Technical improvements in machine learning directly enhance machine translation, eventually, translations services will be so advanced most travellers will feel confident travelling to any destination without any communication barriers. Machine translation will support the growth of hospitality and travel organisations by offering them a low-cost tool for better communication with clients. Google, Microsoft, Yandex, IBM Watson and Amazon translation technologies are advancing such that when travellers can translate anything, anywhere, it will change how the world travels.

Contemporary Applied AI in Hospitality

Alibaba Flyzoo Hotel, Hangzhou: The 290-room hotel was launched in October 2018, built by Alibaba’s online travel platform, Fliggy, and other Alibaba Group business units, including Alibaba A.I. Labs and Alibaba Cloud recognition. The Flyzoo mobile app offers guests a 3D walkthrough plan of the hotel and choice of floor and room view. On arrival, guests have the option to utilise face recognition technology that provides for automated lifts, door entry, and outlet personalisation and billing throughout the property. Tmall Genie in-room voice assistants present options for automated room service, room customisation and retail ordering and delivery. Robots are utilised to dispense room service and amenities to rooms and meals and beverages in the restaurants. The concept has been stated to provide a potential 50% labour reduction and to free up hotel employees for quality interaction with guests.

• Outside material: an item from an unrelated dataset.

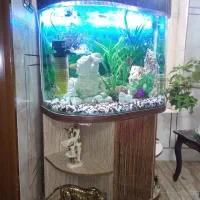 آکواریوم شیشه خم|ماهی|خمینی‌شهر, |دیوار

Marriott Facial Recognition: In July 2018, Alibaba Group and Marriott International announced a facial recognition check-in pilot with Fliggy, Alibaba’s travel service platform. The pilot starts with two properties, the Hangzhou Marriott Hotel Qianjiangand Sanya Marriott Hotel Dadonghai Bay, with the goal of global rollout across Marriott hotels in the future. The technology completes check-in in less than a minute, guests scan their IDs, take a photo and input contact details on a self-help machine, the intelligent device will dispense room key cards after identities and booking information are verified. With the added technology, hotel associates can work more efficiently, delivering personalised service to guests.

InterContinental AI Smart Rooms: In July 2018, InterContinental Hotels & Resorts announced a collaboration with Baidu on the DuerOS Platform supported by cloud service, that integrates AI technology with hotel operations. Initially rolled out in China the Smart Rooms fully embrace voice control technology to deliver a natural human-computer interactive experience allowing guests to switch settings between work and leisure modes, and enjoy a convenient and seamless in-room experience. The solution fine-tunes the backstage management system, including customising information and resetting devices, easing management tasks.